The steam whistles heard around the Cape today are a special project of the Steamship Authority.
Carl Walker is director of engineering at the Steamship Authority, which runs ferries between the Cape Cod and the Islands.
"We’re required to have a whistle on every ferry," he said, explaining the project. "We’re certainly not required to have a steam whistle."
It's called the Steamship Authority because ferries on this route used to be steam powered. But the last steamship was retired from the line in 1973. Today, ferries are diesel powered, and they come with an electronic whistle. It sounds like a giant air horn.
In 2005, the Nantucket board member for the Authority was a man named Flint Ranney. He was so bothered by the sound of the newer electronic whistle, he began calling it “old nasty.” He suggested installing an old steam whistle onto the ferry. And Carl Walker liked the idea.
Ranney helped the Authority acquire the old whistle from the Nobska, an earlier ferry that had run passengers between Nantucket and the mainland from 1925 to 1973. The ship was scrapped in 2006, but its whistle was salvaged and installed on the ferry Eagle.
In trying to install a steam whistle onto a motorized ferry, Walker said, there’s one obvious problem: there’s no steam. To solve this problem, the Steamship Authority installed compressed air tanks behind the pilot house and added air lines to make sure there was enough air for a five second blast.
People seemed to love the sound of the restored ol whistle. Nantuckers started calling the Steamship Authority to complain if the Eagle blew the mechanical whistle, rather than the steam whistle.
So the Steamship Authority went looking for another historic steam whistle. The engineers wanted to find whistles with a history. But finding historic steam whistles wasn’t easy. It took Carl and his team over a decade to find enough for all five large passenger ferries.
After the Nobska, they got the whistle from the Sankaty steamer. The Sankaty served these same islands from 1911 to 1924. Today, her whistle is on the ferry Martha’s Vineyard.
The whistle on the ferry Nantucket was originally the steam whistle on a boat named Brinckerhoff, a sidewheel steamship that operated on the Hudson river from 1899 to 1941.
The whistle on the Island Home was purchased on Ebay for about $2,700. The Authority couldn’t find out where it came from.
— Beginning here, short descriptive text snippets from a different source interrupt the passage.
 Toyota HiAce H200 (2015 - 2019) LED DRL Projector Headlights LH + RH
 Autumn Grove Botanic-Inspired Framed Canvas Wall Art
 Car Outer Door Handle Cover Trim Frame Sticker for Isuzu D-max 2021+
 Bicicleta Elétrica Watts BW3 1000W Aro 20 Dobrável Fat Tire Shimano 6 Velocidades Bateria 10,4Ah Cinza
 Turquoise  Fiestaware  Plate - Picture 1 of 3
The whistle on the Woods Hole came from the State of Pennsylvania steamship. She ran the Delaware River from 1923 to 1960.
The whistles blow every day when a vessel departs from the slip. For ferries arriving at Nantucket, the whistle also blows when the ship rounds Brant Point. The sound can travel up to eight miles, reaching far inland.
It's a sound of the past, even if it’s a past that not everyone remembers. For many visitors to the Cape today, it’s become a sound of summer vacation. For others, it’s the sound of home.